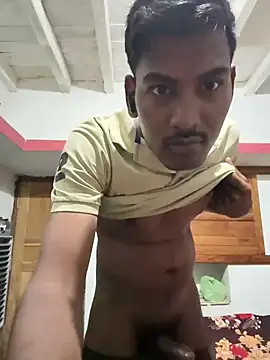 Snapshot of rahul_ss21 chatting on 8, 7, 2026 rahul ss21 online show from 8, 7, 2026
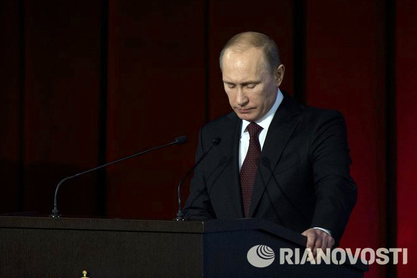 Блумберг плаши свет победама Путина и Трампа, падом Меркелове и распадом ЕУ Блумберг плаши свет победама Путина и Трампа, падом Меркелове и распадом ЕУ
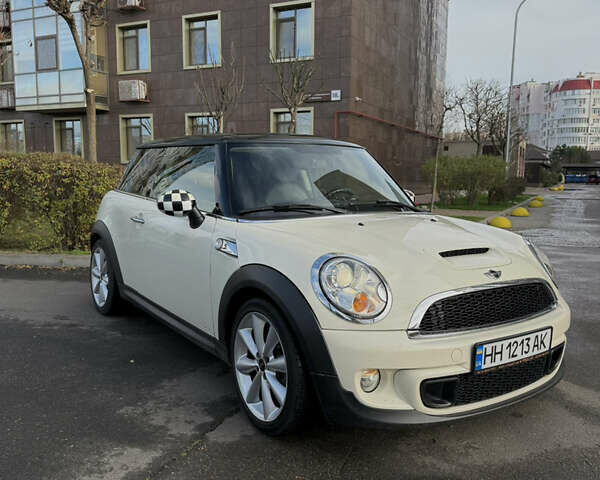 Бежевый Мини Купер, объемом двигателя 2 л и пробегом 119 тыс. км за 11200 $, фото 3 на Automoto.ua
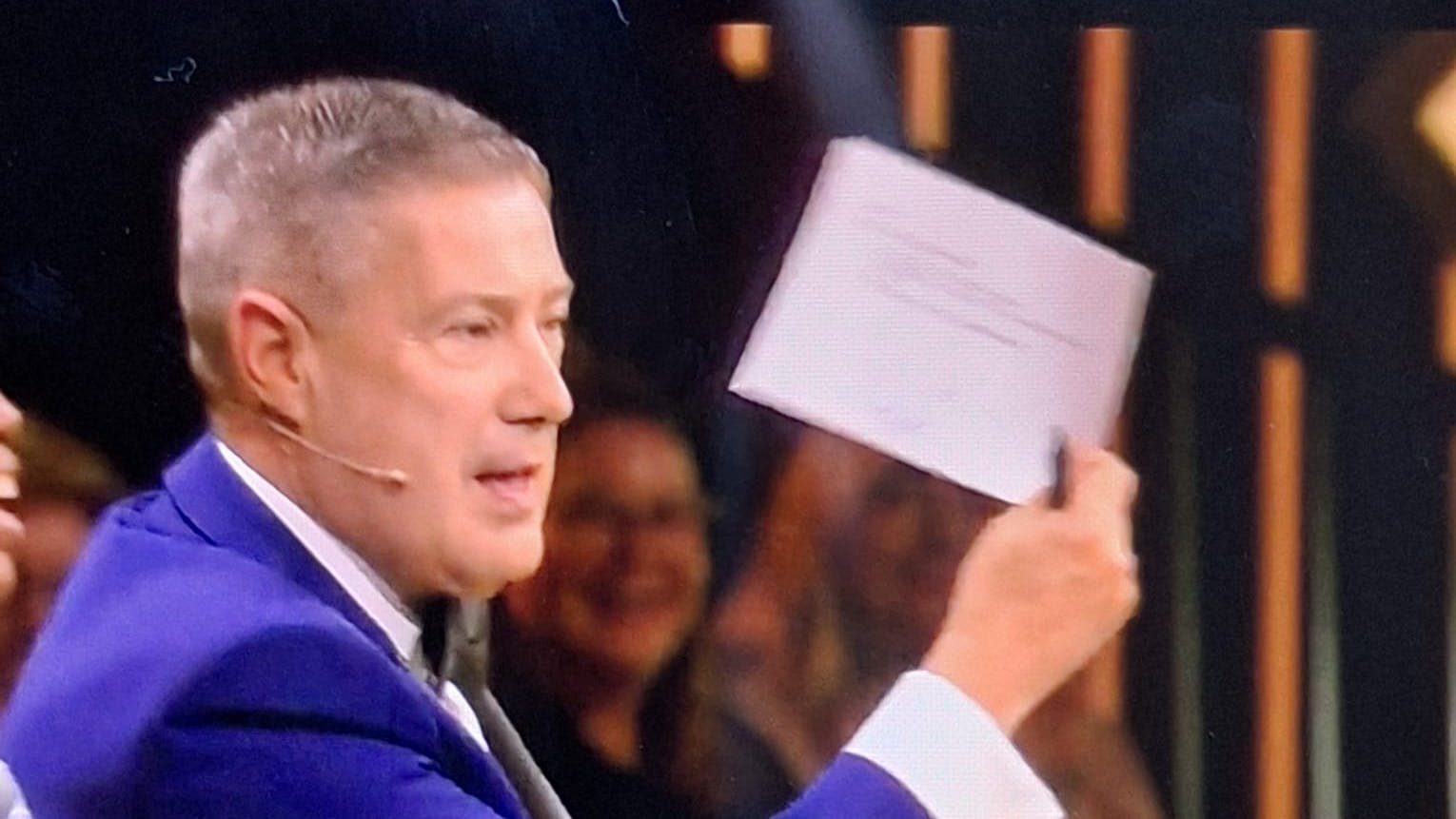 „Let’s Dance“-Juror Joachim Llambi hat sich von Tony Bauer unterschreiben lassen, dass er ihn stolz machen will.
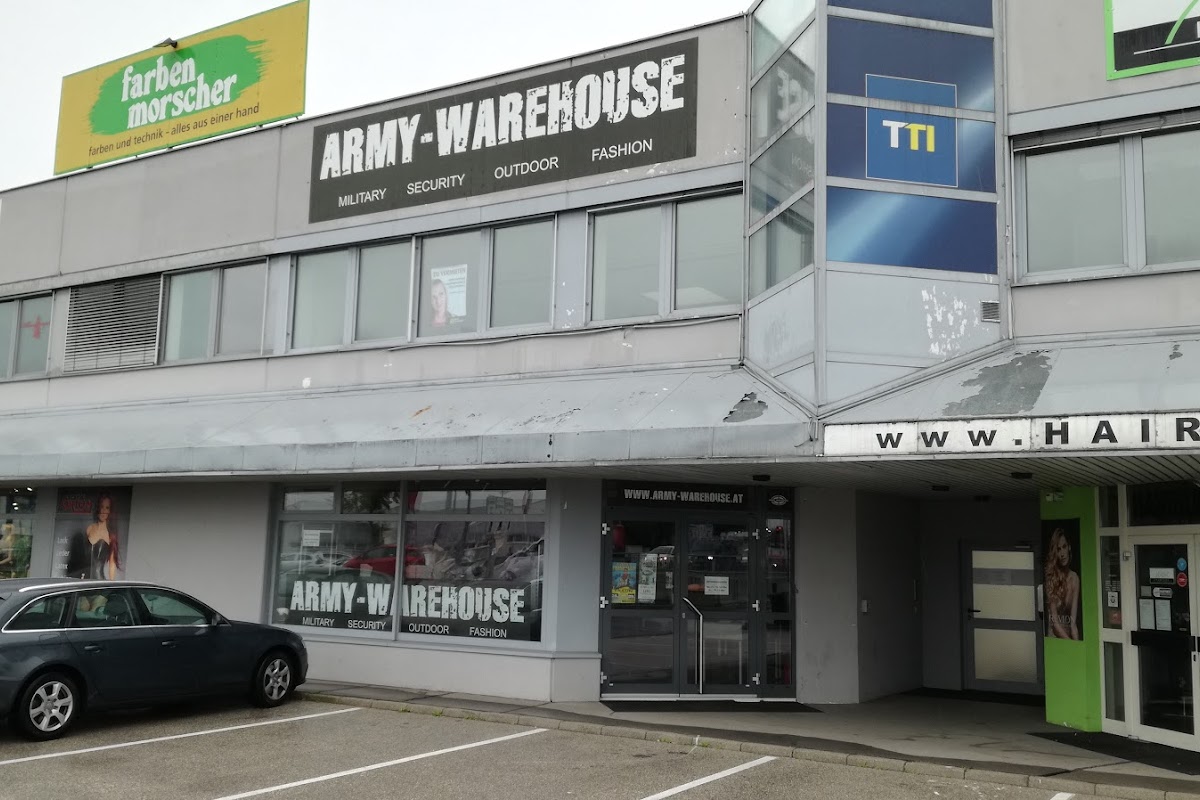 ARMY-WAREHOUSE Shop Pasching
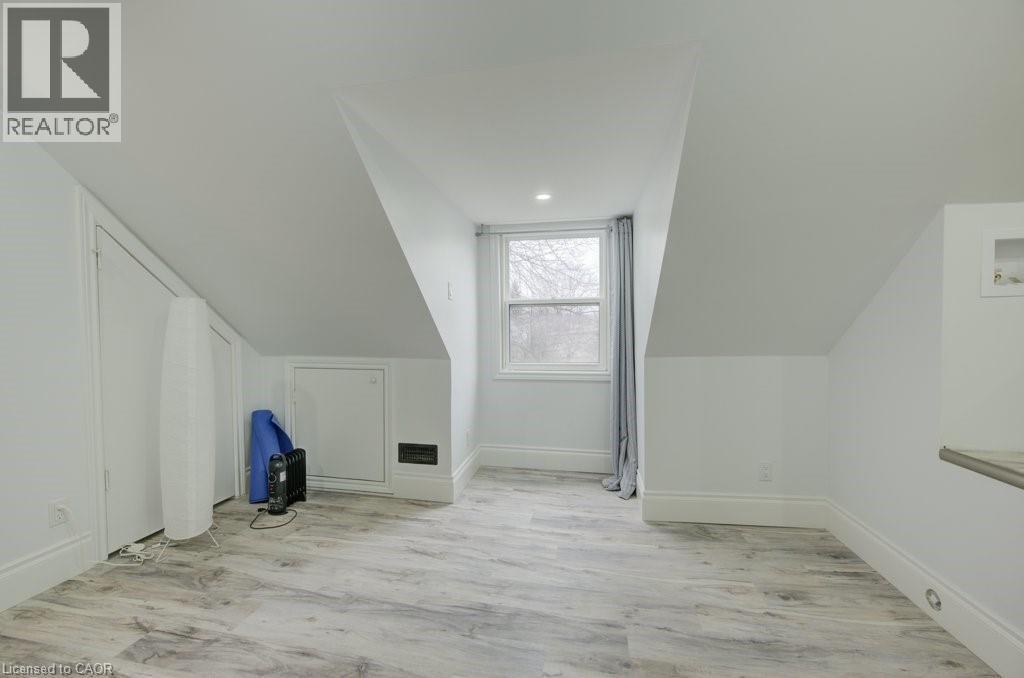 74 Mcdougall Road, Waterloo, ON - Indoor Photo Showing Other Room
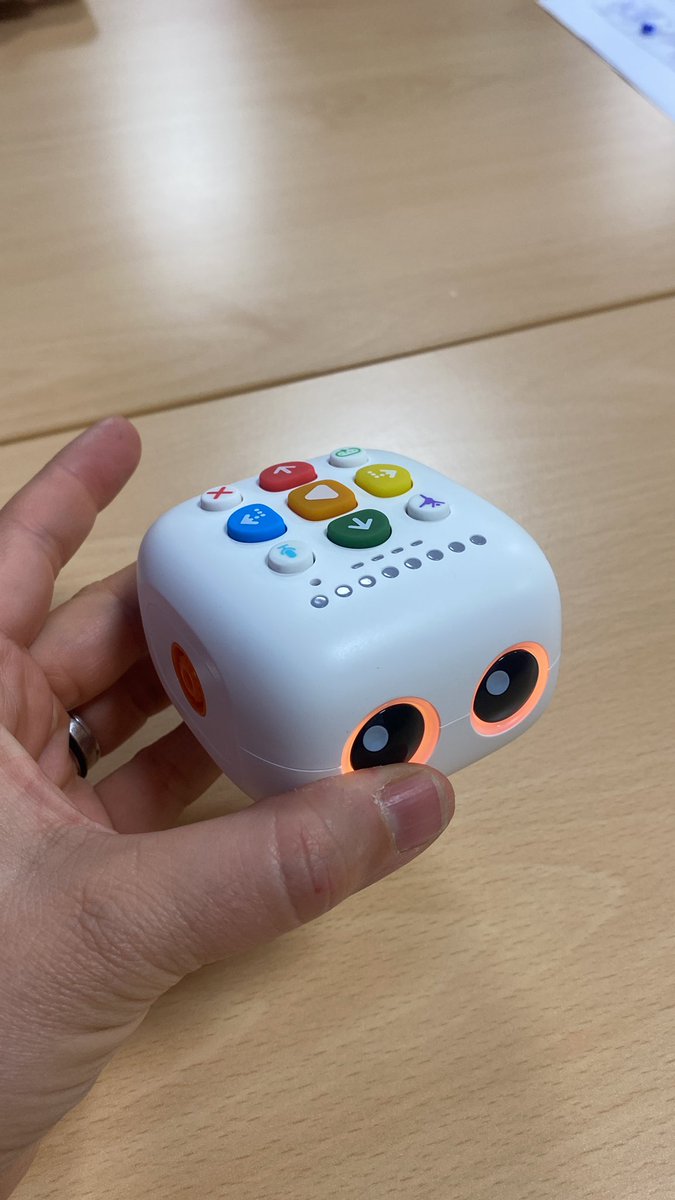 BlancAlmendarez's tweet photo. Profes #ceipfernandodelosrios @Ayto_Las_Rozas en el #CTIFoeste con @arcipreste2009 y este 🔝🤖 #TALEBOT DE @MatataStudioEDU de interfax sencilla e interactiva para desarrollar el #PensamientoComputacional desde Infantil. Nuestro 👫 va a alucinar!#CodigoEscuela4_0_Madrid https://t.co/5ie8X8QDsW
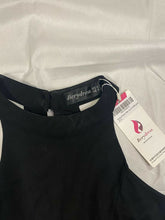 Load image into Gallery viewer, Berydress Women's black halter
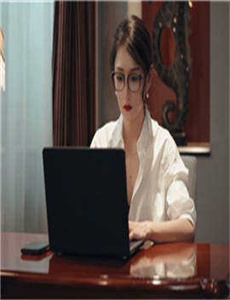 女人高潮喷水太爽了免费观看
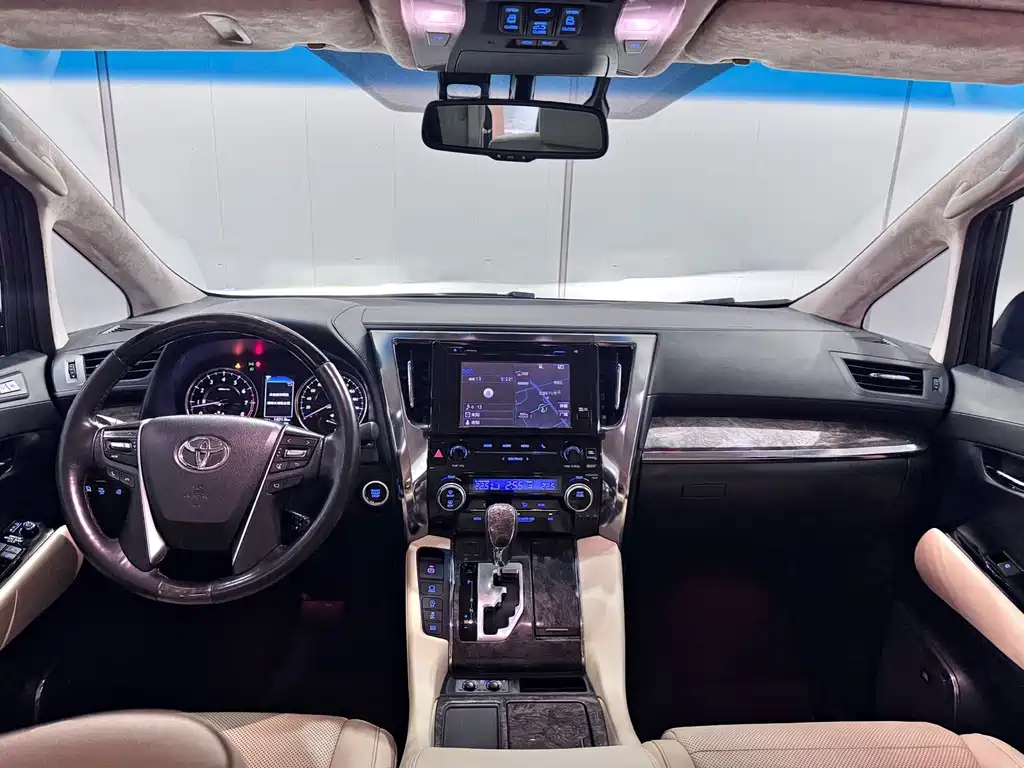 Toyota Alphard 2018 — фото 5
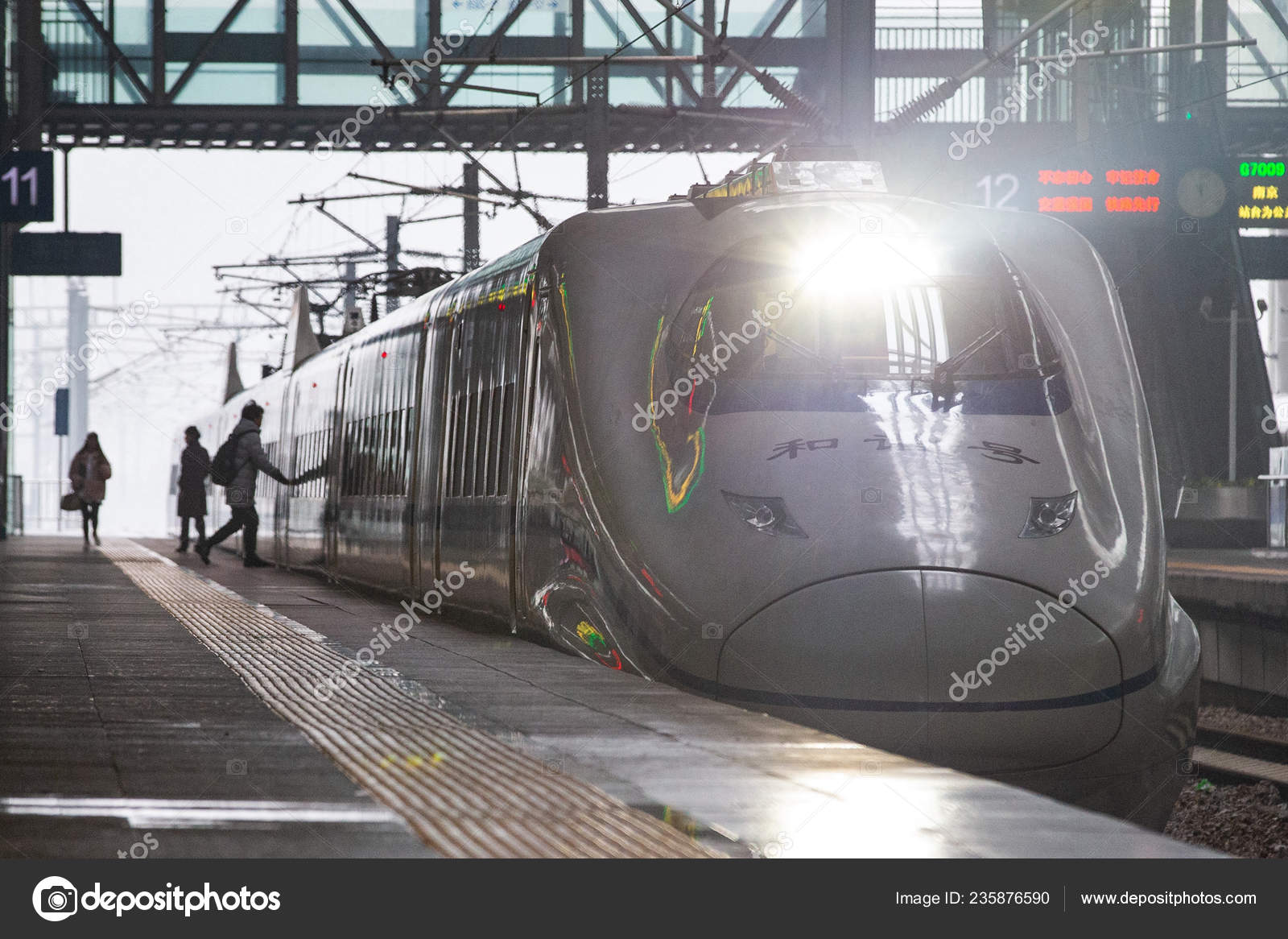 Китайские Пассажиры Садятся Скоростной Поезд Crh China Railway.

● ● ● ●

Directions for this task
Copy the records above precisely, and leave every image out of the copy.

Solution for this problem
 Snapshot of rahul_ss21 chatting on 8, 7, 2026 rahul ss21 online show from 8, 7, 2026
 Блумберг плаши свет победама Путина и Трампа, падом Меркелове и распадом ЕУ Блумберг плаши свет победама Путина и Трампа, падом Меркелове и распадом ЕУ
 Бежевый Мини Купер, объемом двигателя 2 л и пробегом 119 тыс. км за 11200 $, фото 3 на Automoto.ua
 „Let’s Dance“-Juror Joachim Llambi hat sich von Tony Bauer unterschreiben lassen, dass er ihn stolz machen will.
 ARMY-WAREHOUSE Shop Pasching
 74 Mcdougall Road, Waterloo, ON - Indoor Photo Showing Other Room
 BlancAlmendarez's tweet photo. Profes #ceipfernandodelosrios @Ayto_Las_Rozas en el #CTIFoeste con @arcipreste2009 y este 🔝🤖 #TALEBOT DE @MatataStudioEDU de interfax sencilla e interactiva para desarrollar el #PensamientoComputacional desde Infantil. Nuestro 👫 va a alucinar!#CodigoEscuela4_0_Madrid https://t.co/5ie8X8QDsW
 Load image into Gallery viewer, Berydress Women's black halter
 女人高潮喷水太爽了免费观看
 Toyota Alphard 2018 — фото 5
 Китайские Пассажиры Садятся Скоростной Поезд Crh China Railway.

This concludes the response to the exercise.